### INPUT DATA

----

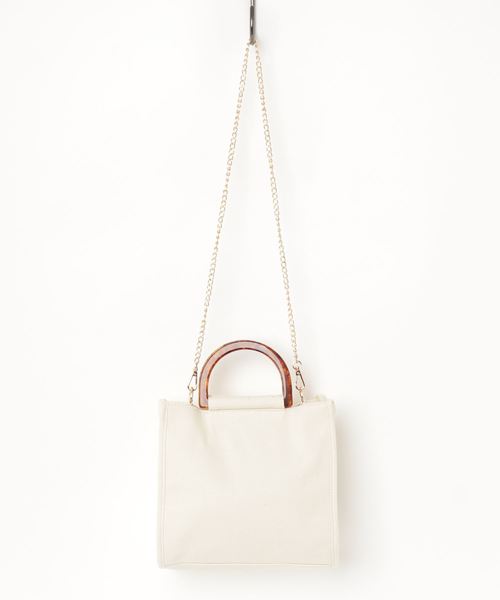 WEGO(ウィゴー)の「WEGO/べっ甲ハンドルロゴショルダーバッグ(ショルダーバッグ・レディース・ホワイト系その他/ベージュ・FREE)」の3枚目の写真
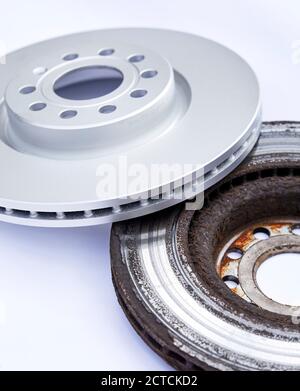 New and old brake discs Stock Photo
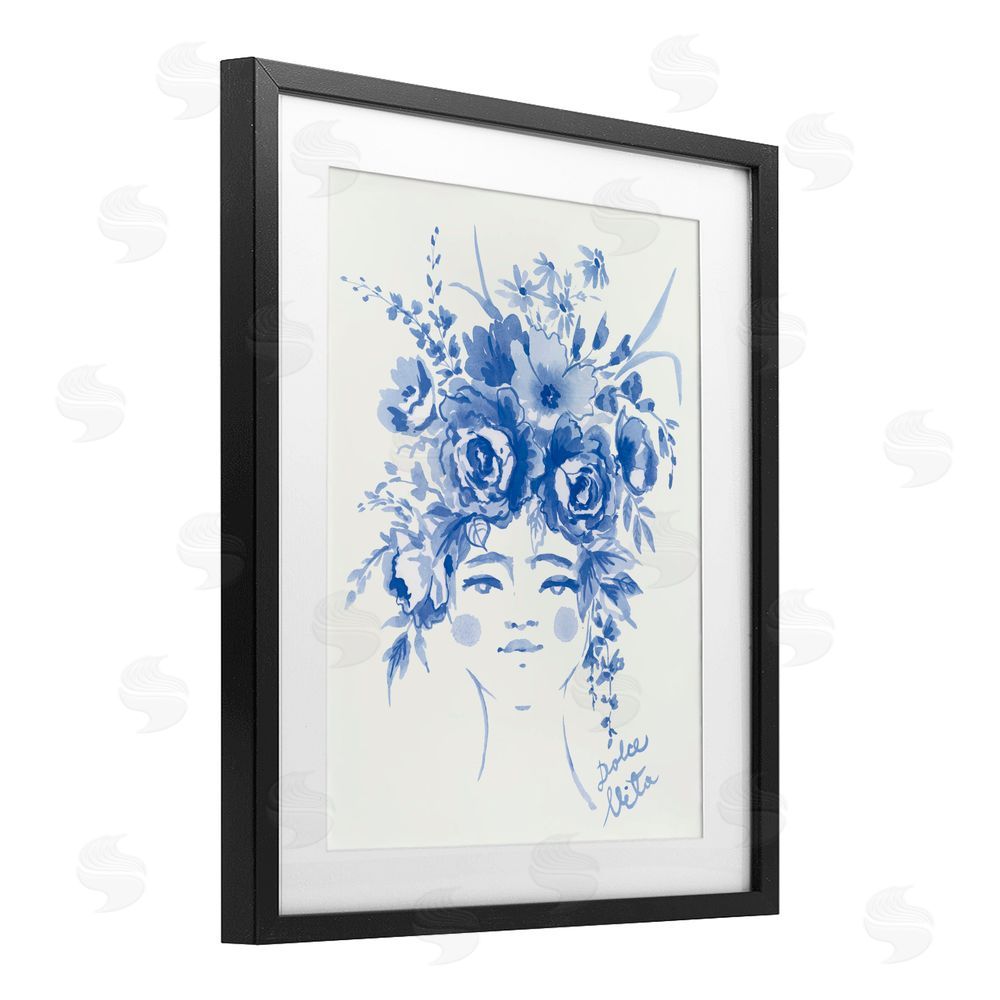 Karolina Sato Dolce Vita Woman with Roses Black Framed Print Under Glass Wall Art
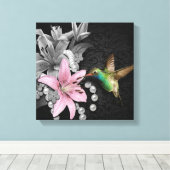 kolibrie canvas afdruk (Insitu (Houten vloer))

----

### WHAT IS EXPECTED
The output is the data above, repeated exactly, with pictures omitted.

### FINAL ANSWER
 WEGO(ウィゴー)の「WEGO/べっ甲ハンドルロゴショルダーバッグ(ショルダーバッグ・レディース・ホワイト系その他/ベージュ・FREE)」の3枚目の写真
 New and old brake discs Stock Photo
 Karolina Sato Dolce Vita Woman with Roses Black Framed Print Under Glass Wall Art
 kolibrie canvas afdruk (Insitu (Houten vloer))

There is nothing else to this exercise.